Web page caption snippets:
------------

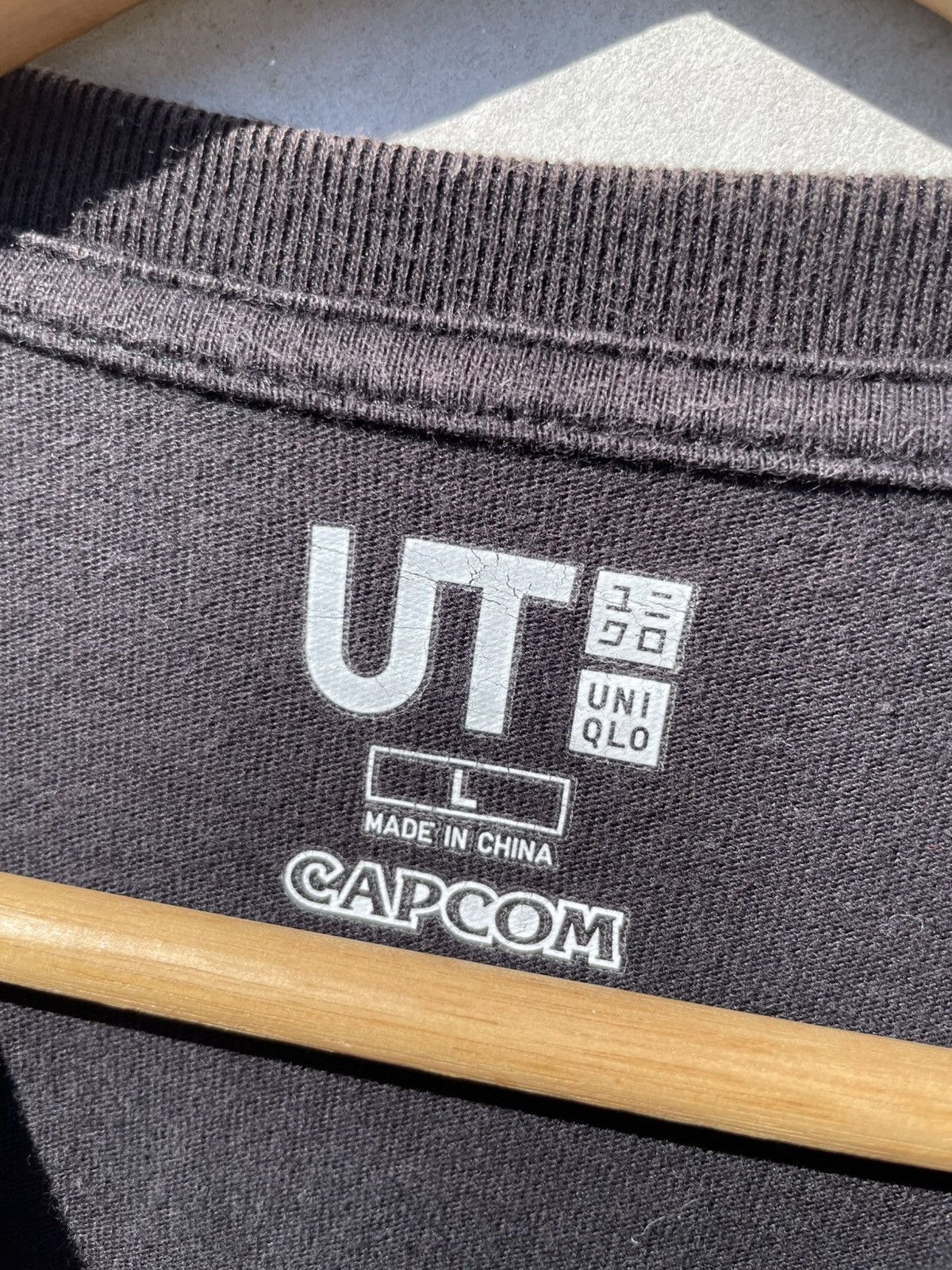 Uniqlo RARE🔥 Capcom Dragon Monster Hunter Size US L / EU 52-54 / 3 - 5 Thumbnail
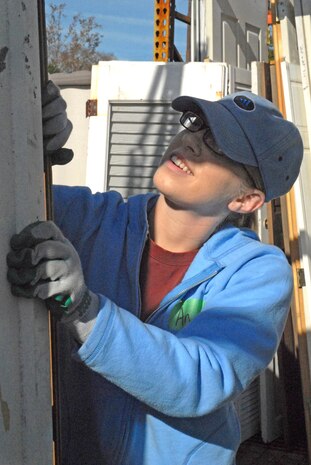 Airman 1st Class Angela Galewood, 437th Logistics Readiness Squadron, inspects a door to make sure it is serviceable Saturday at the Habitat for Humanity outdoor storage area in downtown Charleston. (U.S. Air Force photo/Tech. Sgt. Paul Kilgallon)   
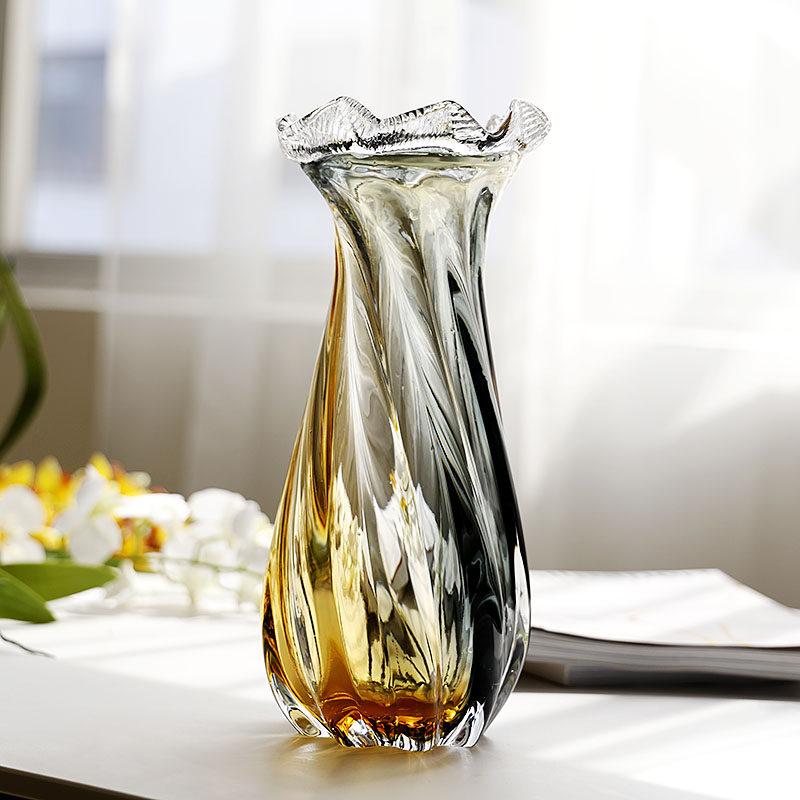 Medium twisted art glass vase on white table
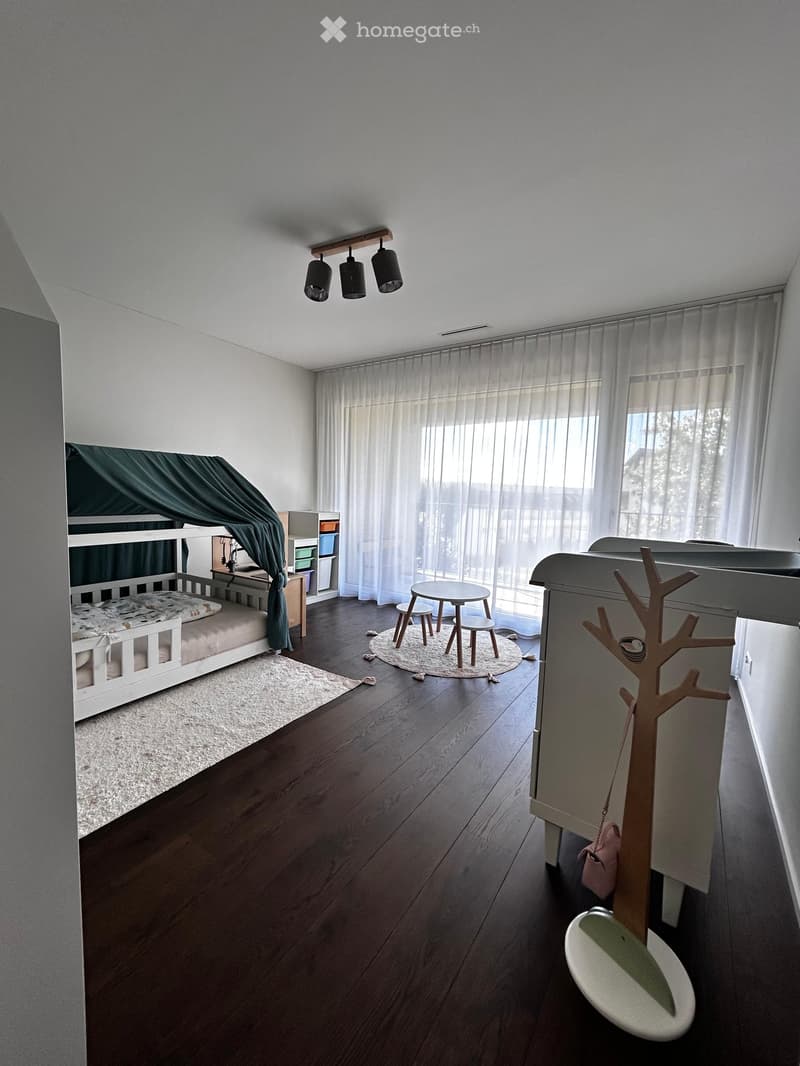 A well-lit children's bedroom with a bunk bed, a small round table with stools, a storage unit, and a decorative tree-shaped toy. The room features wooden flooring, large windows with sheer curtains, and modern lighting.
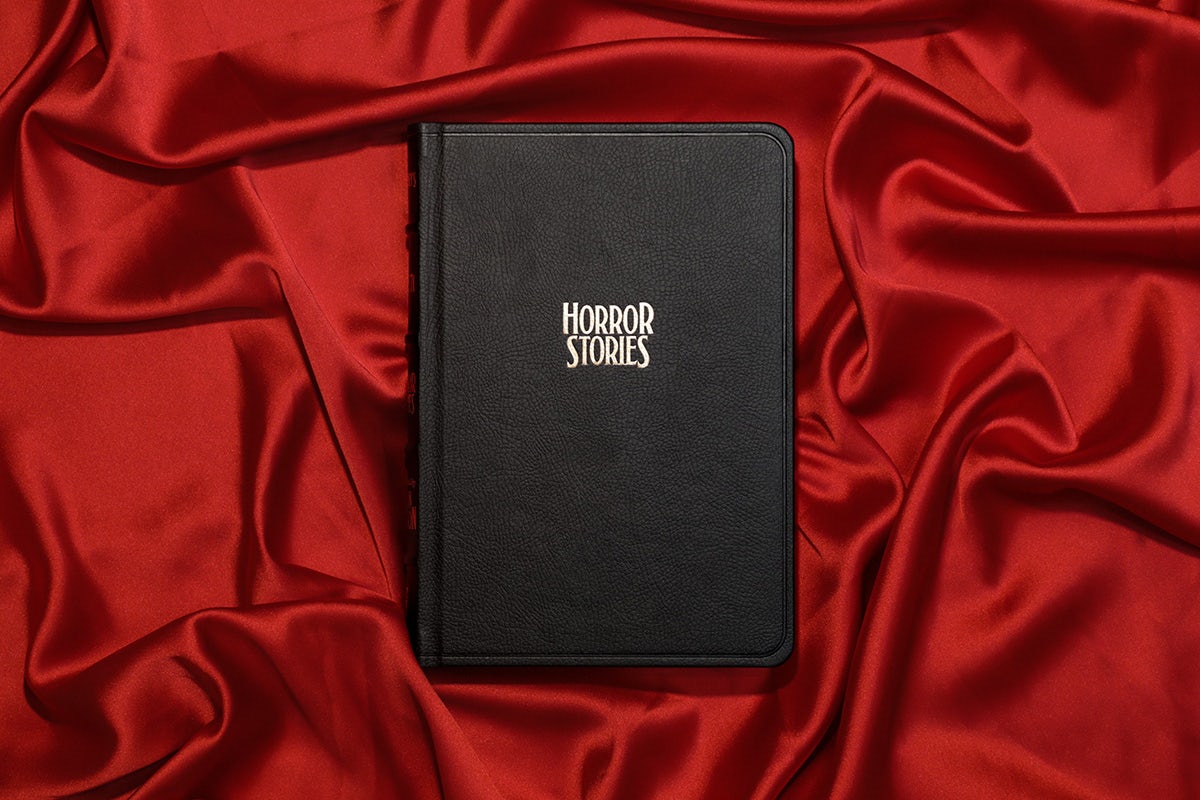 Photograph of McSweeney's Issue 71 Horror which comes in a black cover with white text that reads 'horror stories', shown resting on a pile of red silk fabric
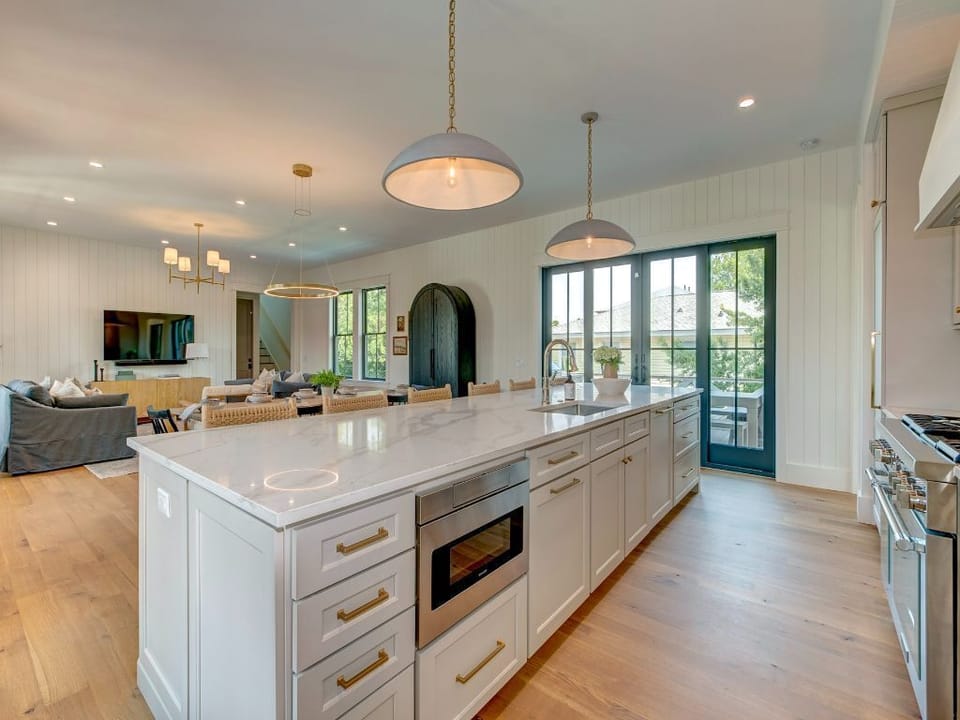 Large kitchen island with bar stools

------------

Exercise objective: What are the lines in the records above, word for word, from the one containing "Airman 1st Class" through the one containing "Medium twisted art glass vase on white table", both ends included and pictures left out?

Exercise answer:
 Airman 1st Class Angela Galewood, 437th Logistics Readiness Squadron, inspects a door to make sure it is serviceable Saturday at the Habitat for Humanity outdoor storage area in downtown Charleston. (U.S. Air Force photo/Tech. Sgt. Paul Kilgallon)   
 Medium twisted art glass vase on white table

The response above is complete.